*** Begin section ***

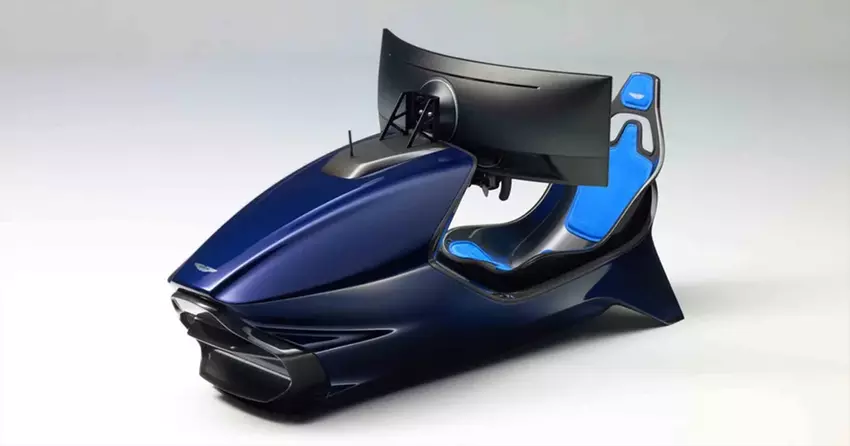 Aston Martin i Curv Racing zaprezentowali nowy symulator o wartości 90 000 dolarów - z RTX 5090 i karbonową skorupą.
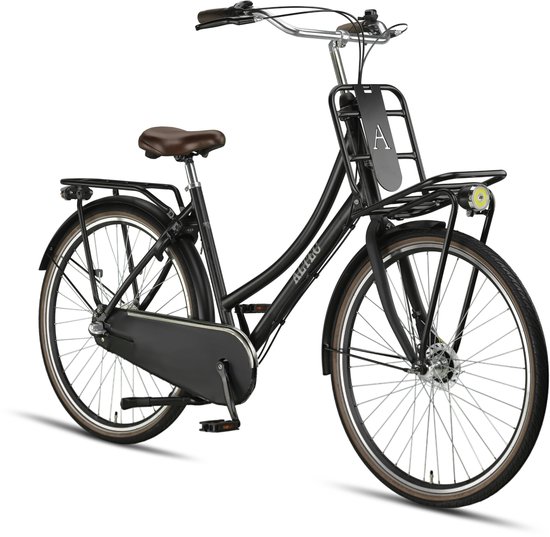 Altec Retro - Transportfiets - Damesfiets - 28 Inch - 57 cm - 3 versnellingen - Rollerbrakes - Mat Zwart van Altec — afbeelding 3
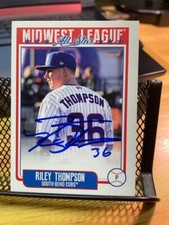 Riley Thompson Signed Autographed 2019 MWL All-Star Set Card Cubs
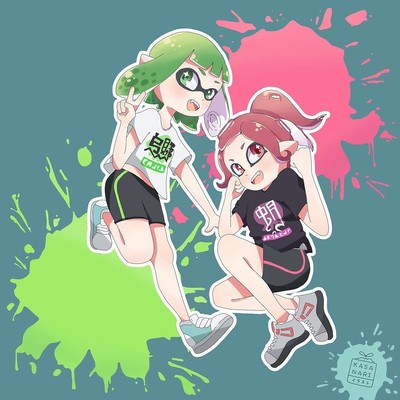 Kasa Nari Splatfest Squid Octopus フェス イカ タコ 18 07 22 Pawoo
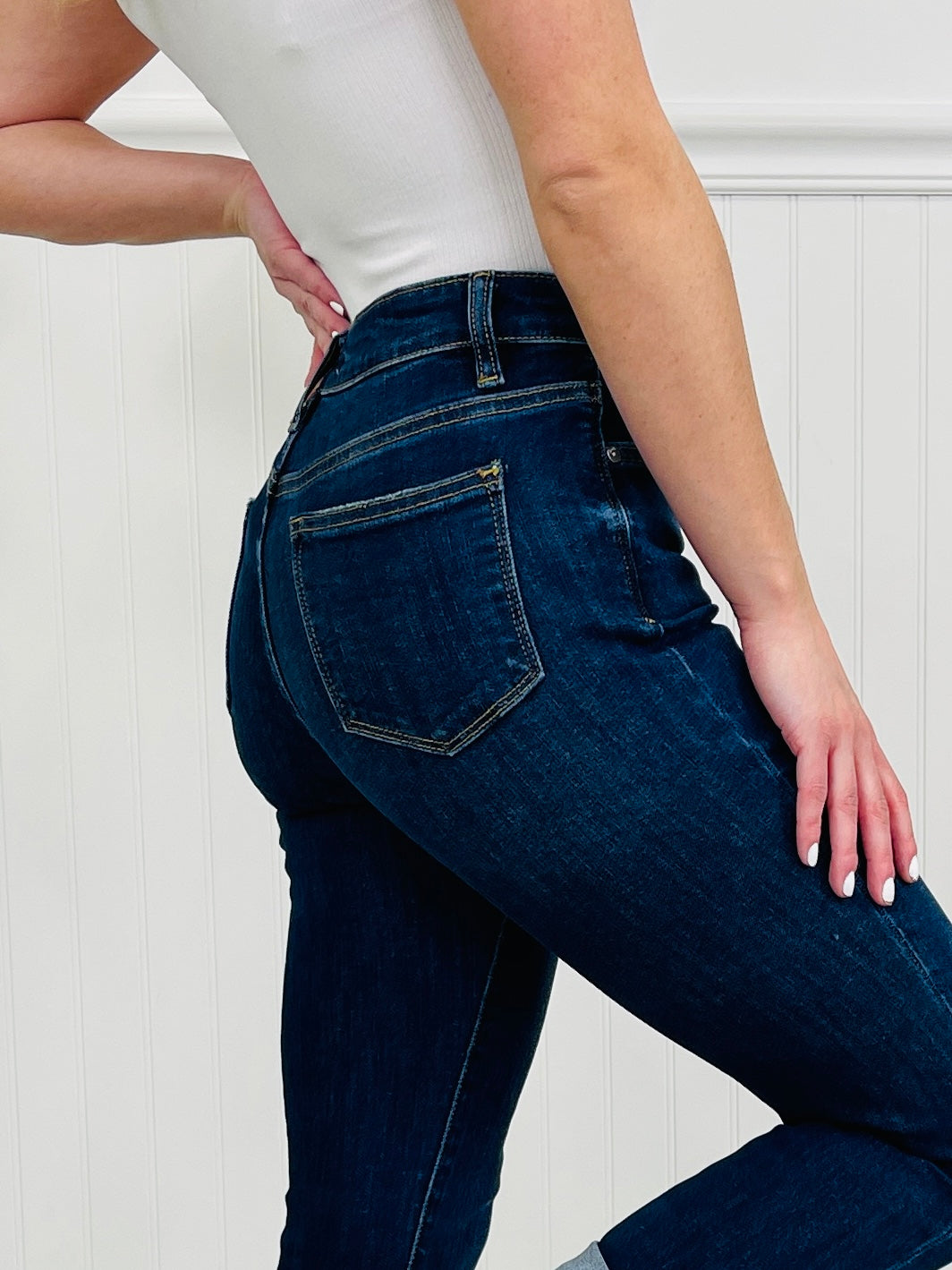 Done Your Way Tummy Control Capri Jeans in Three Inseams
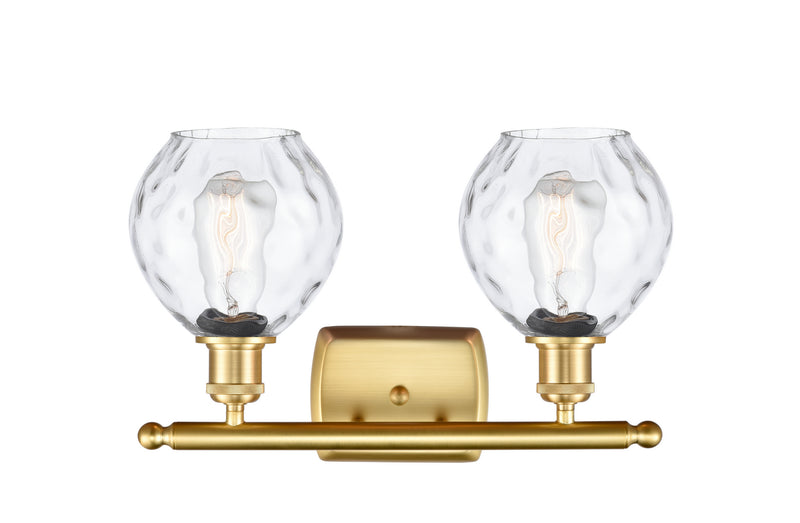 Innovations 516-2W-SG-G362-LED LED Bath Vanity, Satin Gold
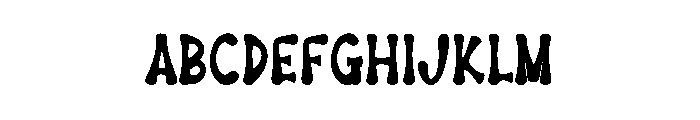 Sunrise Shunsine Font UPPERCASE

*** End section ***

* [Exercise objective]
Only the lines from the one with "Done Your Way" through the final line of the entries belong in the answer, set down exactly, with both ends included and no pictures.

* [Solution below]
 Done Your Way Tummy Control Capri Jeans in Three Inseams
 Innovations 516-2W-SG-G362-LED LED Bath Vanity, Satin Gold
 Sunrise Shunsine Font UPPERCASE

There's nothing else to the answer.